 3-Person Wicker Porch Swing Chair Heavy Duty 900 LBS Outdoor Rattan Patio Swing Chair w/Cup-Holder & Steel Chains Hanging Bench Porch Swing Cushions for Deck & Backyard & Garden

==

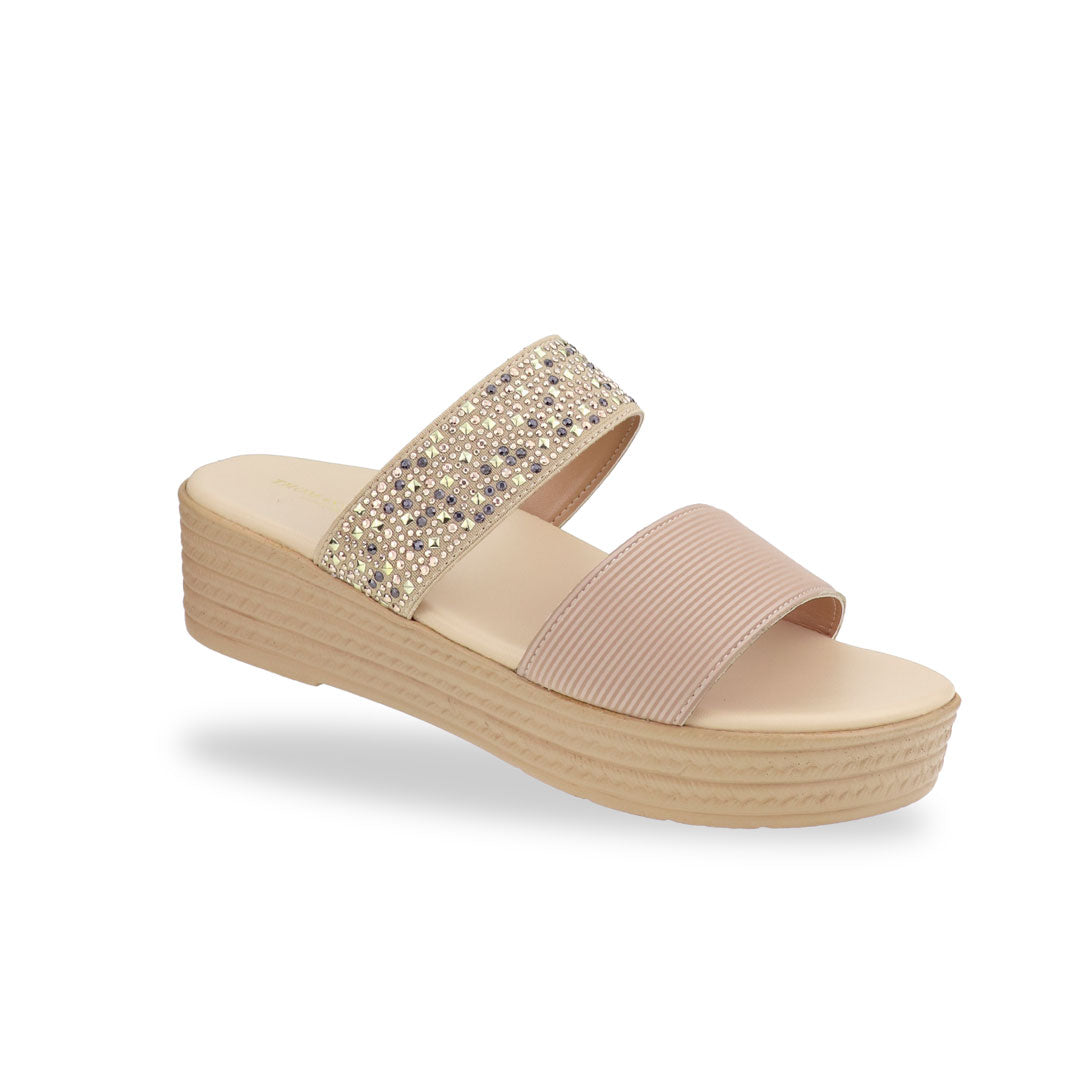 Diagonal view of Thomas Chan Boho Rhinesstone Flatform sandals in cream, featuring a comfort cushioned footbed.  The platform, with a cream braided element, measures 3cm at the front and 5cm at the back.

...

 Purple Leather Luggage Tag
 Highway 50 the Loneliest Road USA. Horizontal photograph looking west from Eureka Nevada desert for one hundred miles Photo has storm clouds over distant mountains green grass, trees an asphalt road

(Problem to solve)
Beginning at the line above with "Purple Leather Luggage Tag" and finishing at the line with "Highway 50 the", return each line exactly and return nothing else.

(Exercise output)
 Purple Leather Luggage Tag
 Highway 50 the Loneliest Road USA. Horizontal photograph looking west from Eureka Nevada desert for one hundred miles Photo has storm clouds over distant mountains green grass, trees an asphalt road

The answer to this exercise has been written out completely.